Bonds rates around the world moved higher, sharply so, overnight on the back of the better than expected data in the US and in Europe. Retail sales in the US looked disappointing on the face of it printing just 0.2% against 0.3% expected but this was largely because auto sales were lower with the core number which strips them out printing a robust 0.5% which was on the upper side of expectation. As a result US 10 year yields rose 11 basis points to 2.72% which poses a big problem to the Fed’s exit strategy given the taper hasn’t even begun yet.
Across the Atlantic rates were higher as well with 10 year Bunds up 10 points to 1.81% and 10 year Gilts rose 13 basis points to 2.60% after the ZEW economic confidence survey for both Germany and the EU as a whole printed on the stronger side of the ledger and the UK inflation data showed CPI was stuck fast at 2.8% over the past year.
The impact was a short euro rally initially before the US data gave the US dollar a big kick in the tail and it rallied across the board.
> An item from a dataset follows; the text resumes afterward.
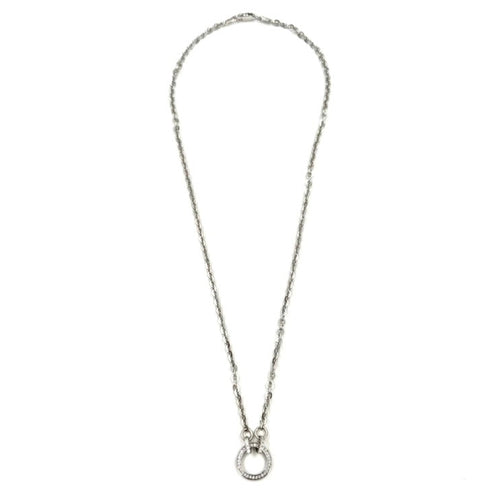 Ashley Gold Sterling Silver Link CZ Circle Necklace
The yen was the biggest loser and it sits at 98.21 this morning with USDJPY up more than 1.3%. 98.60/70 will be strong resistance or a signal for a big break higher as you can see in the chart below.
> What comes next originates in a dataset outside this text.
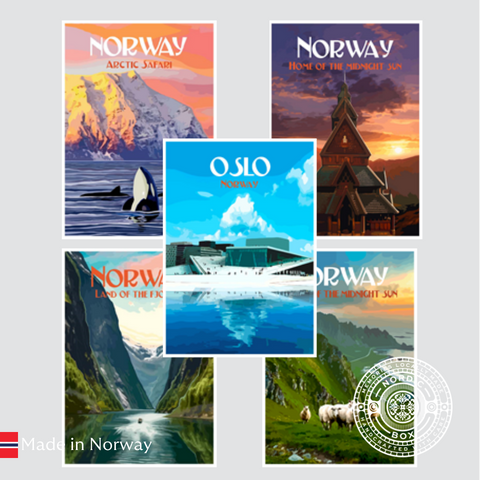 Pack of 5 retro scenes of Norway postcards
On other FX markets the euro, sterling, Swissie, Loonie and Aussie are all lower to varying degrees against the US dollar and the Aussie in particular is at an interesting juncture in its rally from the lows of last week.
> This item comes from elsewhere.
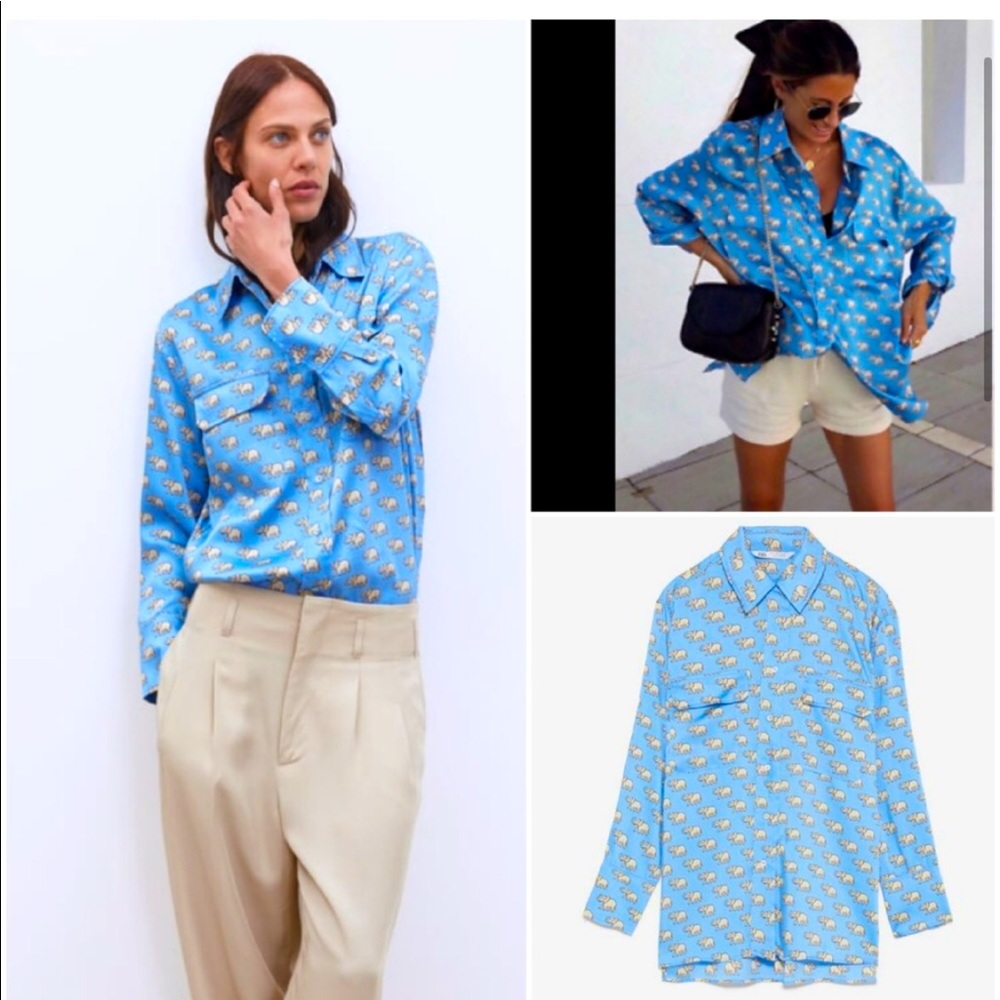 Zara elephant print blouse, satin.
Yesterday the Aussie held the support we articulated at 0.9100/05 but overnight it slipped to a low around 0.9070 which is the 50% retracement level of the second leg of run higher we saw last week and the 38.2% of the entire run higher to Monday’s peak. Siting at 0.9103 this morning the Aussie looks a little vulnerable to a further push lower to find real solid support.
Aussie looks biased lower on the hourlies while below 0.9120 today.
On stocks, the early weakness in the US dissipated around lunchtime as markets climbed back into the black and stayed there to close with the Dow (+0.2% @15,451), Nasdaq (+0.38% @3,684) and the S&P 500 (+0.27% @1694) all higher. In stock specific news Carl Icahn was on Twitter saying that he has a position in Apple and had talked to CEO Tim Cook about stock buybacks. While I am a macro guy I’d posit Apple is finished if that is the best thing it can do with its cash.
European stocks were a sea of green with the FTSE (+0.57%), DAX (0.68%), CAC (0.52%), Milan (0.68%) and Madrid (0.47%) all higher.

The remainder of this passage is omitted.